■ Your task
Print the line containing "Pupuk Npk mutiara" and all lines after it to the end of the records below, exactly as written. No pictures.

[Opening Supplied material section]

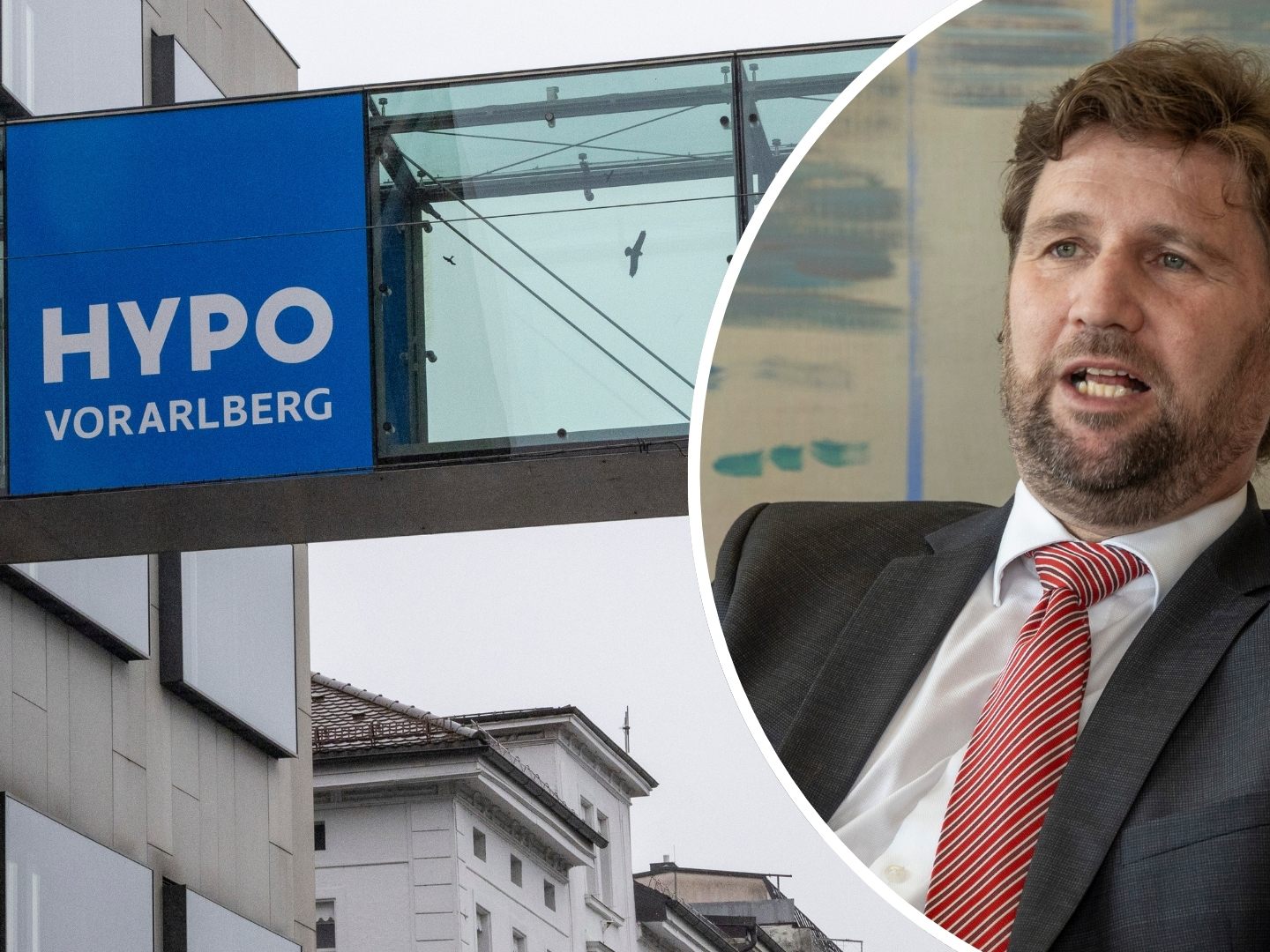 Hypo-Vorstand Michael Haller betonte mehrmals die Richtigkeit der Hypo-Strategie. Hypo-Vorstand Michael Haller betonte mehrmals die Richtigkeit der Hypo-Strategie.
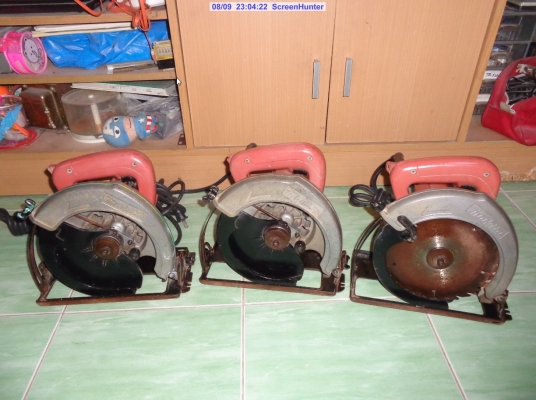 ขายเหมาเลื่อยวงเดือน 7 นิ้ว MAKTEC MT580 3ตัว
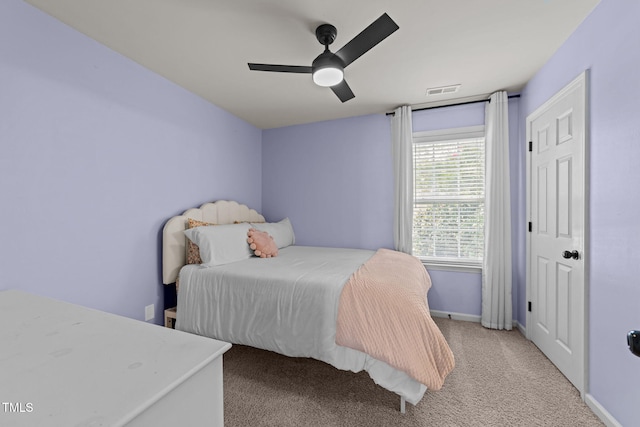 8005 Chatahoochie Ln, Raleigh, NC 27616 - bedroom with carpet flooring and a ceiling fan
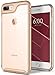 Caseology Skyfall for Apple iPhone 8 Plus Case (2017) / for iPhone 7 Plus Case (2016) - Clear Back & Slim Fit - Gold (D)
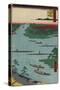 Nakagawa River Mouth, March 1857-Utagawa Hiroshige-Stretched Canvas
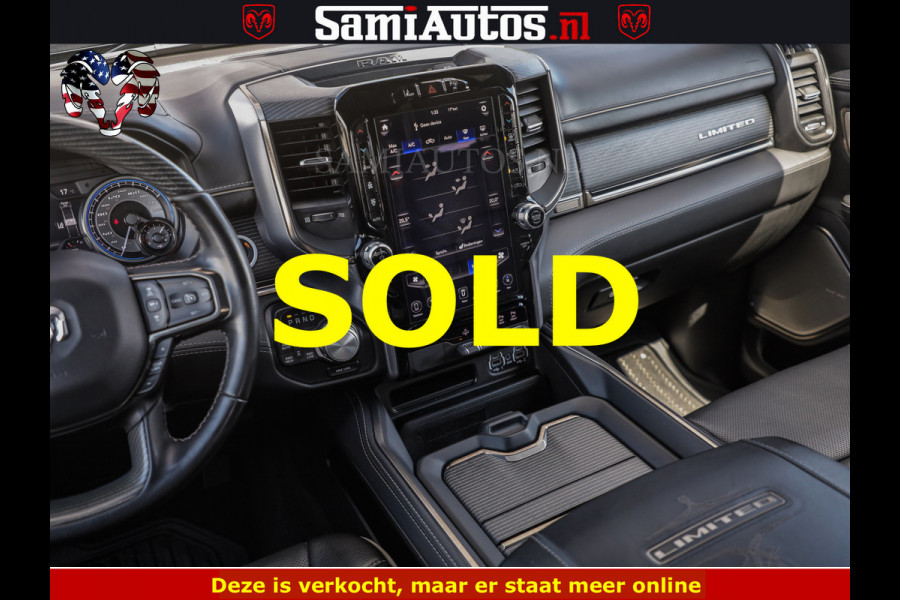 Dodge Ram HULK PACK LIMITED | 5.7 V8 | WIDE BODY | STRIPING | HUD | LUCHTVERING | OPEN UITLAAT KLEP | BOM VOL CREW CAB | DUBBELE CABINE | DC | 5 PERSOONS |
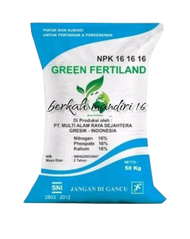 Pupuk Npk mutiara Green fertiland kemasan 5kg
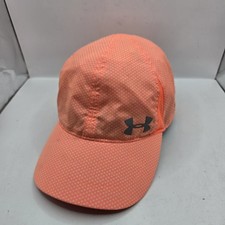 Under Armour Youth Hat Cap Strap Back Pink Coral Athletic Workout Fitness Girl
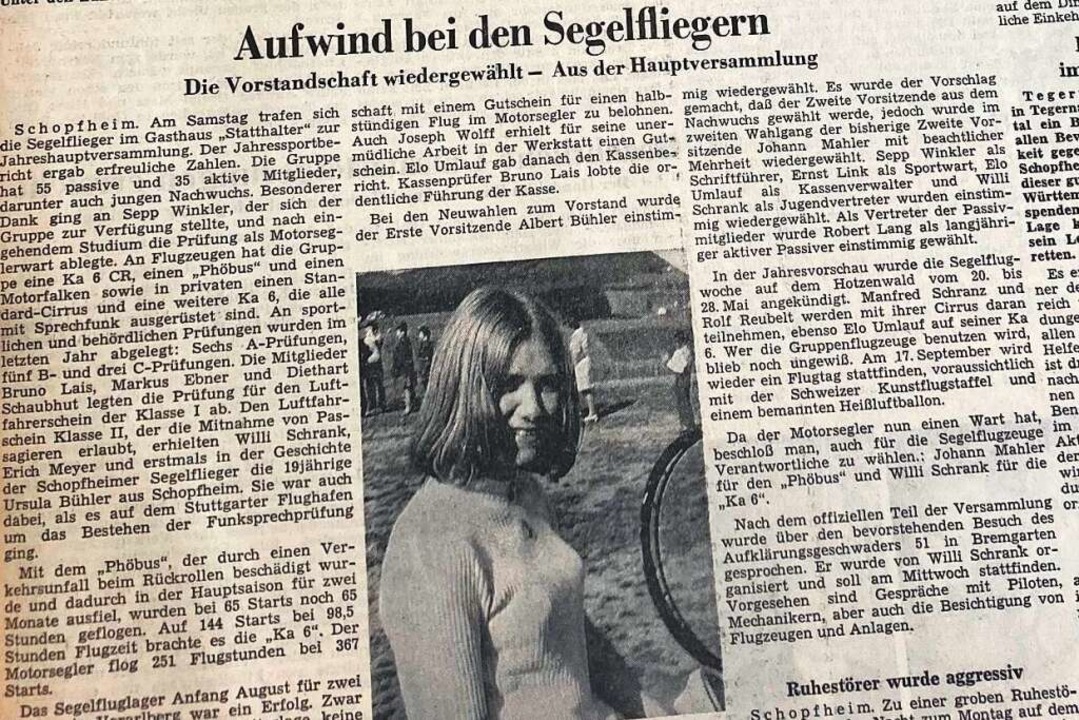 Der BZ-Artikel über die 19-jährige Ursula Bühler vom Februar 1972.  | Foto: Sarah Trinler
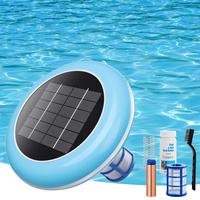 Pool Ionizer Solar Powered,Copper Ionization,Floating Automatic Water Cleaner and Purifier,Up to 45,000 Gal,85% Less Chlorine...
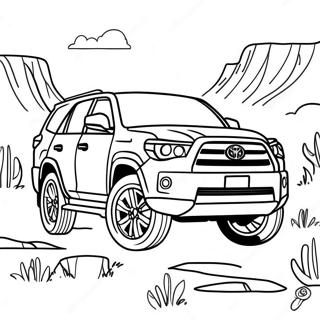 Pagina Para Colorear De La Aventura Suv De Toyota 92944-32474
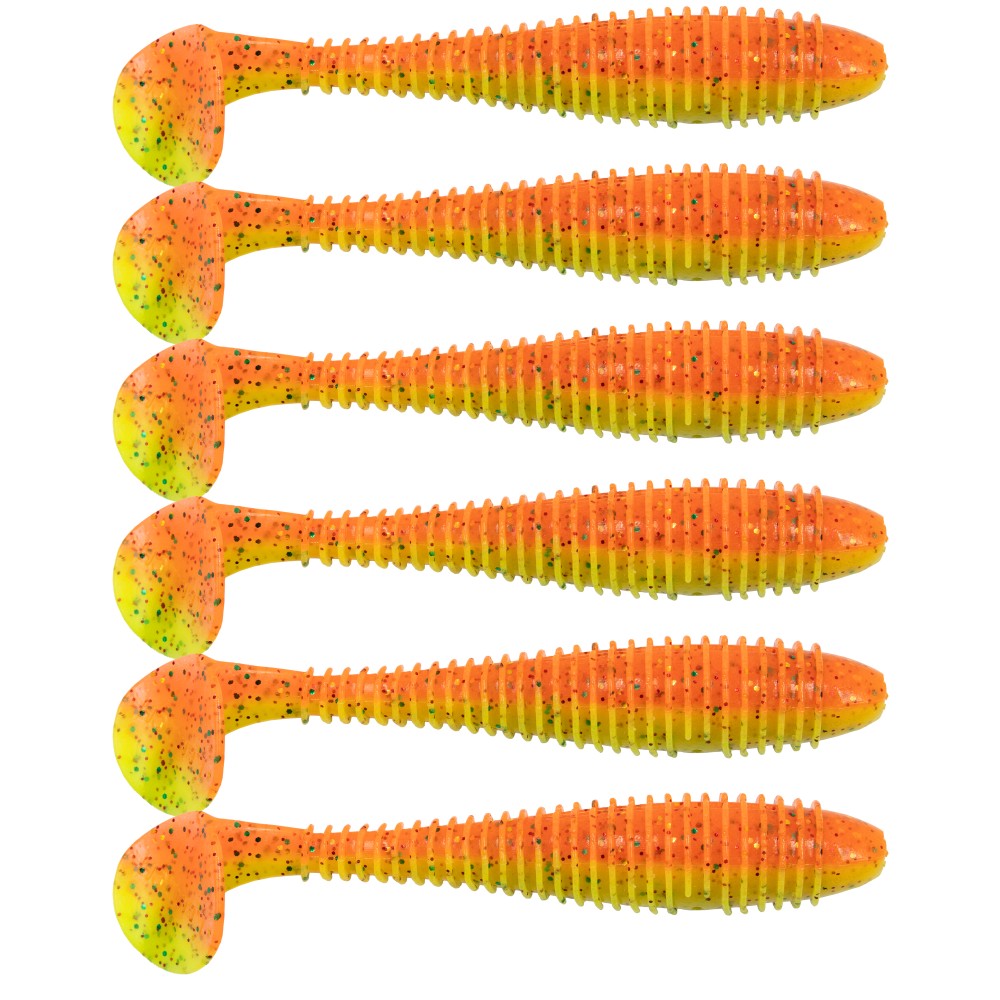 Keitech FAT Swing Impact - Gummifisch 3,8 - 9,5cm - 9g - Fire Chart - 6Stück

[Closing Supplied material section]

■ Answer
 Pupuk Npk mutiara Green fertiland kemasan 5kg
 Under Armour Youth Hat Cap Strap Back Pink Coral Athletic Workout Fitness Girl
 Der BZ-Artikel über die 19-jährige Ursula Bühler vom Februar 1972.  | Foto: Sarah Trinler
 Pool Ionizer Solar Powered,Copper Ionization,Floating Automatic Water Cleaner and Purifier,Up to 45,000 Gal,85% Less Chlorine...
 Pagina Para Colorear De La Aventura Suv De Toyota 92944-32474
 Keitech FAT Swing Impact - Gummifisch 3,8 - 9,5cm - 9g - Fire Chart - 6Stück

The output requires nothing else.